A few years ago I sat with my hiring manager, a Director of Engineering, and he said “Angela, I asked my wife to review the job description for our Front End Engineering role – she is also a Front End Engineer, and she told me ‘I wouldn’t apply for this role.’”
He of course asked her “Why?” She mentioned the job description had so many hard stops in terms of qualifications. For example, you must have 8+ years of experience, React experience is a must, and a Computer Science Degree is a must. She felt that she was somewhat qualified but didn’t have the exact qualifications needed for the role, and ultimately wouldn’t attempt applying.
He decided to take this into consideration and re-write the job description to become more gender neutral to hopefully increase the attention of women applying. (Guess what?
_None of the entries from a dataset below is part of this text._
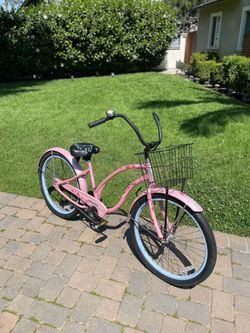 Pink 26” Women’s beach cruiser bike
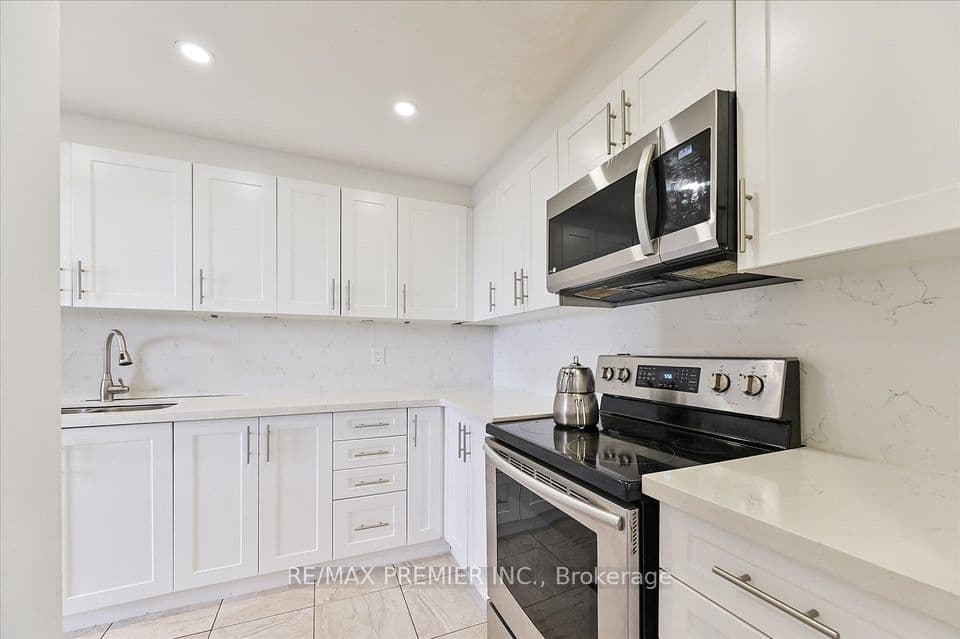 80 Grandravine Drive 716, Toronto, ON M3J 1B2 – photo 2
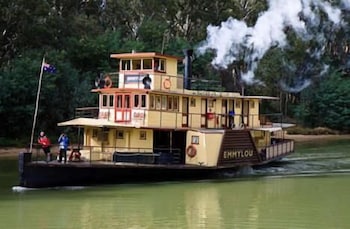 Golden River Motor Inn - Accommodation Yamba 0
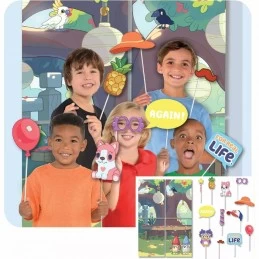 Bluey Scene Setter with Photo Props | Bluey Party Supplies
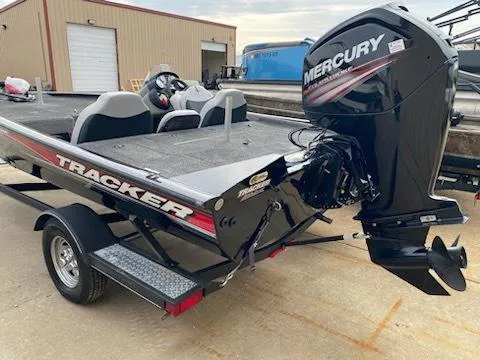 Slide: The Image of Tracker 195 TWX PRO TEAM 2016 - 4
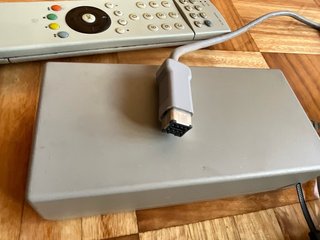 Fuente alimentación LOEWE + Mando TV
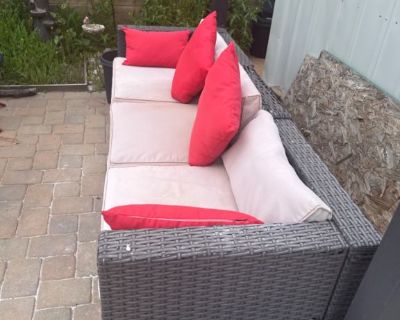 6 pc Patio set with cushions and pillows!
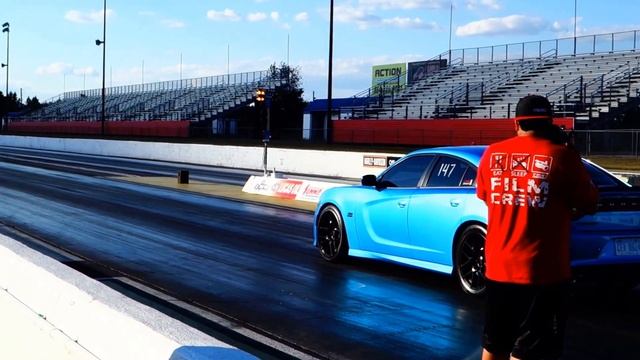 2016 Charger R/T Scat Pack 1/4 Mile!! Dead Hooking?! смотреть онлайн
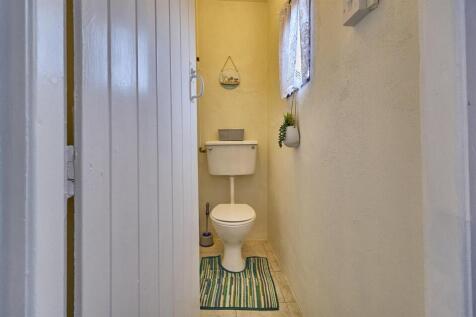 Separate WC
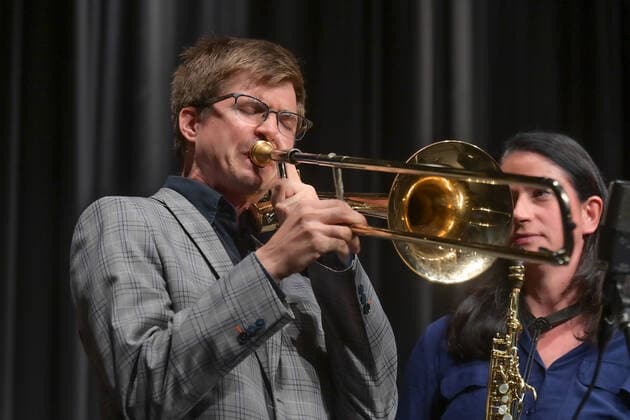 Konzert Winterreise des Christian Muthspiel & Orjazztra Vienna, im Rahmen der Salzkammergut Festwochen Gmunden, in der Kitzmantelfabrik in Vorchdorf, am 22.07.21. Das Bild zeigt den Posaunisten Alois Eberl und die Saxophonistin Ilse Riedler 2021 - Konzert Winterreise des Christian Muthspiel & Orjazztra Vienna, im Rahmen der Salzkammergut Festwochen Gmunden, in der Kitzmantelfabrik in Vorchdorf, am 22.07.21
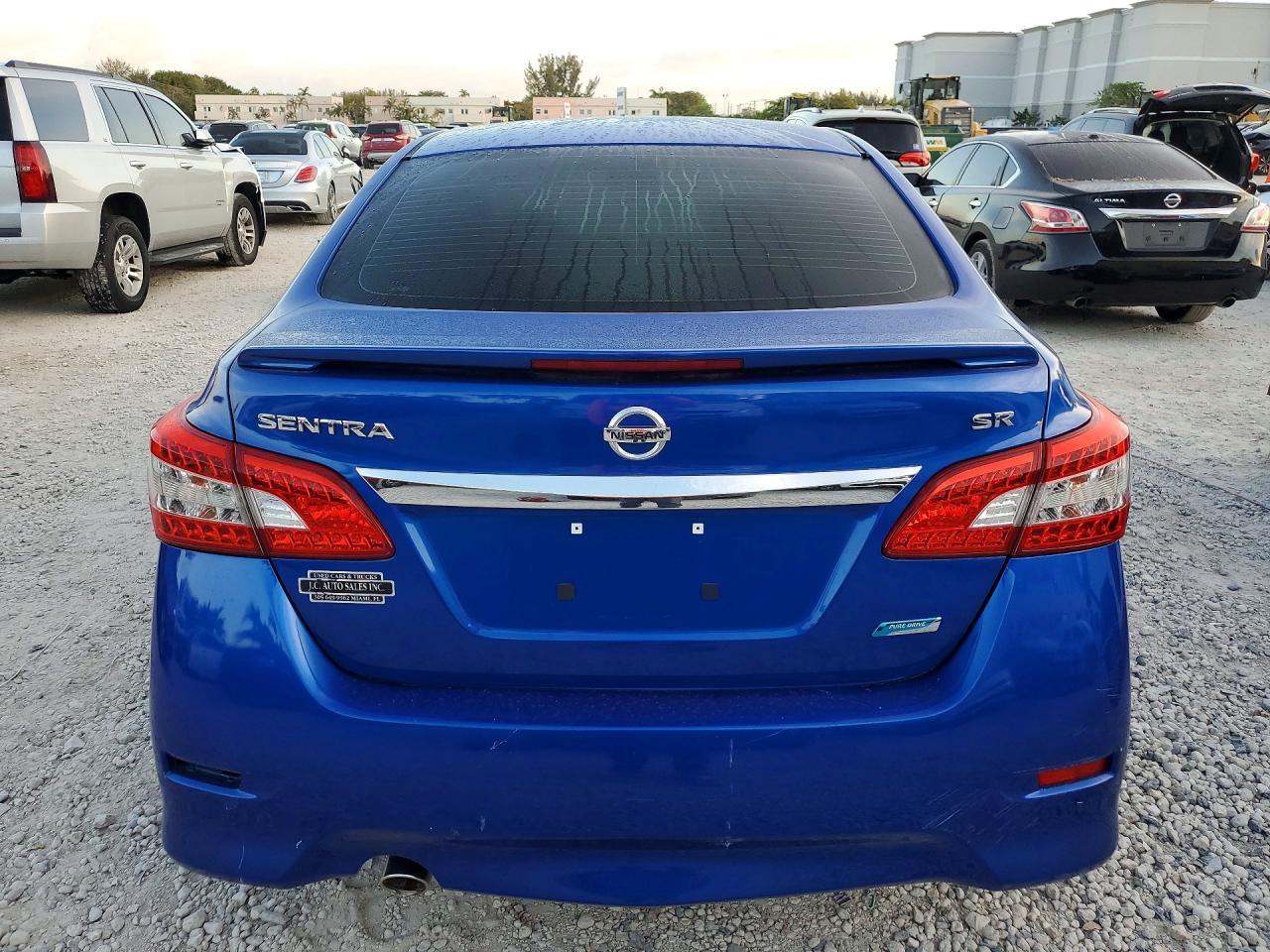 2013 Nissan Sentra S - Image 6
It worked!)
Keep in mind though it’s a tough to really understand the thought-process when it comes to candidates applying for roles. Whatever the reason is, I think we (women) respond to job ads/posts differently.
Angela Bortolussi, Partner, Recruiting Social.
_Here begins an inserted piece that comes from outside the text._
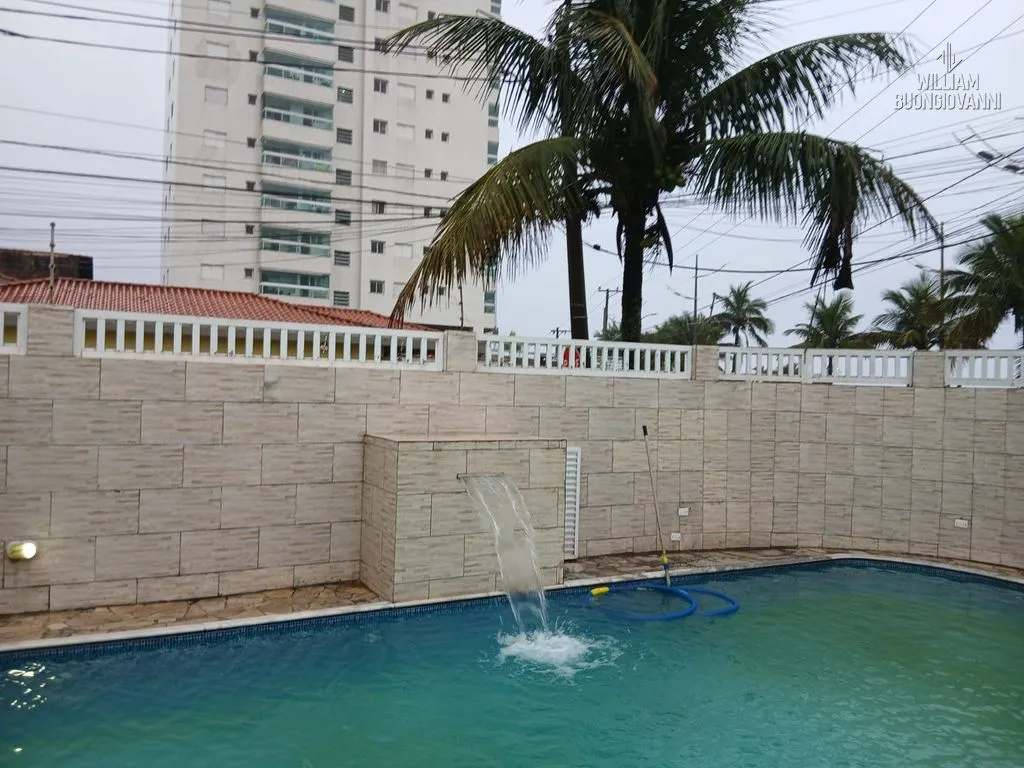 Imagem Casa 4 dormitórios sendo 1 suíte no bairro SOLEMAR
It is quite interesting how some words can be perceived as being more attractive depending on your gender. Removing gender specific words, an example may be he or she and Chairman or Chairwoman. This is challenging in some languages where they have grammatical gender and this may require job adverts and job titles to specifically confirm that they are being offered to all genders. Other language could be seen as more attractive to the male gender, such as describing the work environment as fast paced and challenging, or dominant and determined. Although many females will be attracted to this environment, research has shown that these words can be perceived as being about a male dominated work environment.
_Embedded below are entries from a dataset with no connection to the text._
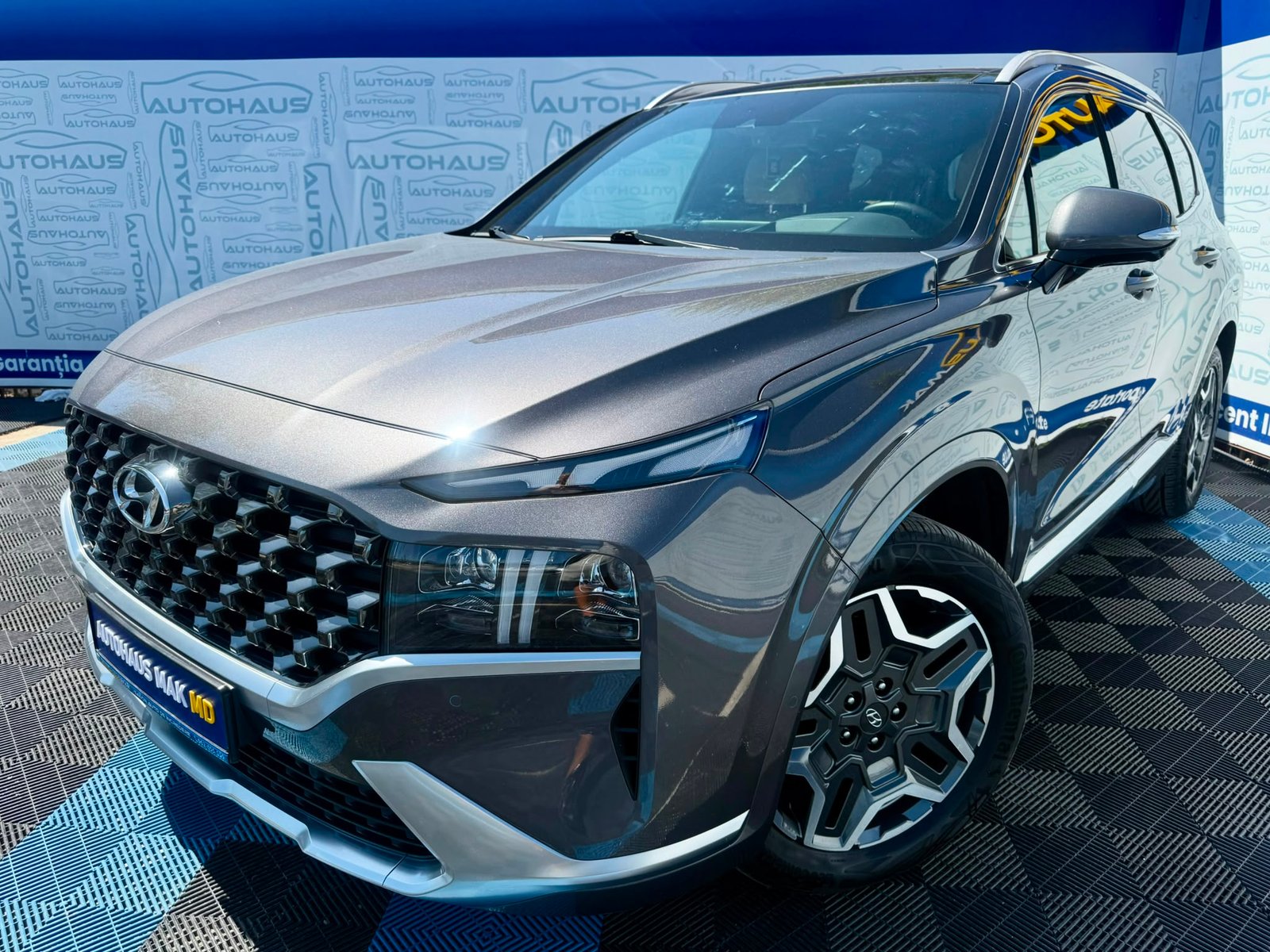 Hyundai Santa Fe IV (2018 - ) image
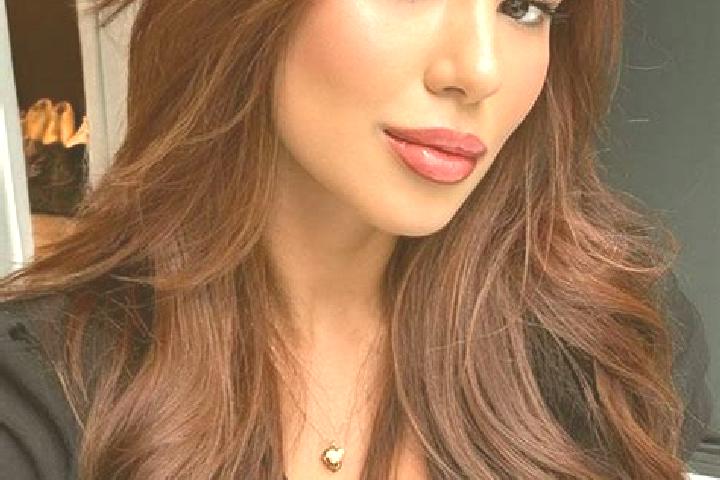 Victoria, 23, a chestnut brown-eyed latina companion based in Comiso. Offering Deep French Kissing, Dinner Date, Party Girl, Roleplay, Erotic Massage. Availa...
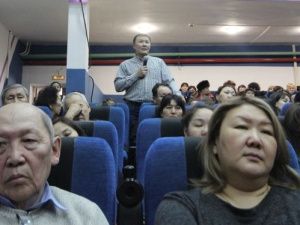 Отчет правительства Якутии за 2018 год принят жителями Хатассов, Табаги и Пригородного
Rebecca Fraser, National Executive Committee, Career Development Association of Australia.
It is essential that a job description is written as a narrative to the potential employee regardless of gender. Avoid assumptions, focus on skills and attitude, potential and opportunity rather than a “person” per se and therefore stereotypes can be avoided. This should include imagery used to promote any post on social media.
Lysha Holmes, Owner and Recruiter, Qui Recruitment R2R.
Sometimes I see masculine language used in a male oriented environment, which can be significantly off-putting to female talent. On the other side, I’ve seen female oriented companies not create gender neutral language, and it’s off-putting for me as a woman to see how men would not be inclined to join their mission. I encourage everyone to review the job descriptions to ensure they relate to the culture and make the company approachable for all genders.
Caroline Stokes, Founder, FORWARD and The Emotionally Intelligent Recruiter.
There are great tools for this kind of thing now, the most common one people use is Textio. If you don’t have access to those tools, I would suggest relying on the network of people around you to act as editors and give you their honest take on this stuff. Relative Insight conducted some research into this space, and using more feminine language was proven not to put off men, in the same way that masculine language can put off women. They looked at this across political campaigns, but the same is true across all mediums. Therefore by targeting your language more towards a female audience, you will find yourself appealing to a more gender neutral audience.
Ruth Penfold, Director of Talent Acquisition, Shazam.
Focus on job titles, job descriptions and advertisements that are free from unconscious bias and reflect best practice. Women may be deterred from applying in response to job descriptions that are heavy with masculine coded language. Try to remove the need for gendered pronouns, ensure that content has a universal appeal.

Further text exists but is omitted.